Retired First Sgt. Terry Thompson, the Army Junior ROTC instructor at Ozark High School in Ozark Mo., was asked by his students if he would coach a precision team if they bought the equipment themselves. He told them, "If you do your part, I'll do mine and coach you."
"We applied for an NRA grant, but we didn't get it. That is why the kids did extra work to get the money for their own equipment," Brenda Thompson, Terry's wife, explained. Brenda helps Terry with the program. "Neither the program, nor the school paid for any of it. The students worked jobs and raised money for the rifles, clothing and anything else they needed---no fund raisers," she added. A good precision rifle can be more than $2,000 and another $500 for clothes and other stuff.
"This is the first year for our precision program. But we made that decision because it gave the kids more opportunity at scholarships."
While Ozark, Mo., isn't just around the corner from Anniston, at least the Ozark team didn't have to travel as far as the team from Patch High School--a DOD school in Germany.
According to retired Sgt. 1st Class Raul Pinon, the Patch High School Junior ROTC instructor, it took more than $9,000 for the team to get here.
This is the first year for Pinon to be an Army instructor with this program. He took over after 1st Sgt. Jack Wayne retired last year.
"We raise funds for the money," he explained. "And the Cadets raised money bagging groceries in the commissary.
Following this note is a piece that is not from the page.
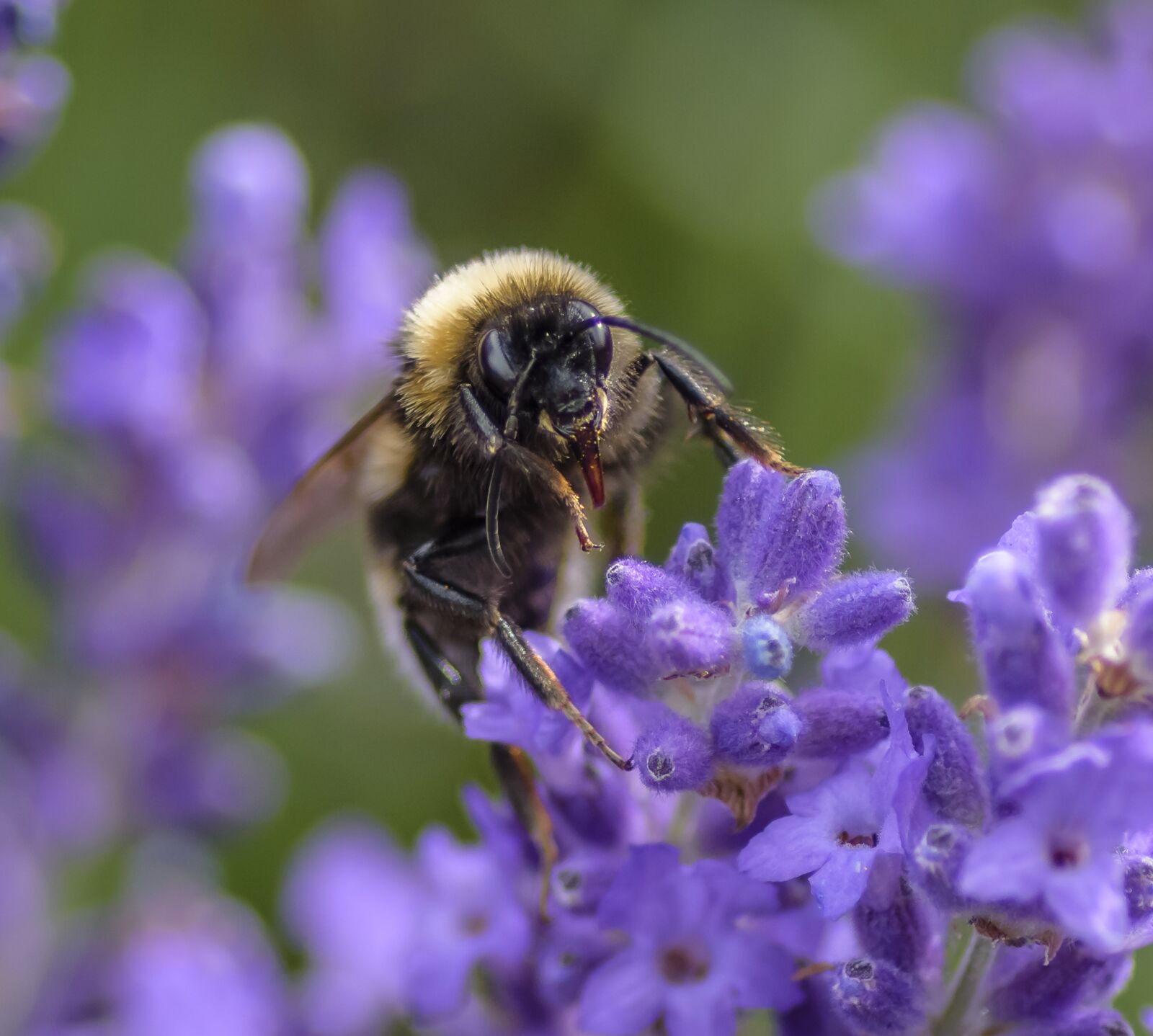 Nikon D7200 sample photo. Bee, nectar, pollen photography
We also get help from different organizations in exchange for volunteer services."
And like all the teams, they have to travel--around their area--to compete against other schools. So part of the expense that each school must plan for is the travel they must make to the different competitions.
"In Germany we have an East and West conference so we have to travel two to three hours to get to the different competitions sites."
But when all else fails, retired Maj. Randy Matney, the senior Army instructor at Wythe County Tech Center in Virginia, said he relies on a skill he learned in the Army.
"I learned diplomacy (on active duty) and out here you can use that skill. Especially with civic and veterans organizations," he explained. What Matney calls diplomacy others may call "public relations."
He goes to meetings of civic and veterans' organizations, like the Veterans of Foreign Wars and American Legion--any place where his smiling face would be recognized and inroads can be made.
"When the VFW needs volunteers to put flags on veterans' graves on Veterans Day, or if they need a color guard for something, my Junior ROTC Cadets volunteer to do it," he said.
In turn, those organizations help his programs with anything for which they don't have money.
"At the annual brigade (meeting), everyone recommended setting money aside for competitions, and the commander agreed and did it," he explained. "So the brigade covered the transportation and hotels and they arranged for some of the meals to be covered too."
So if all else fails, Matney said, "use diplomacy and a smile--I think it gets you more places."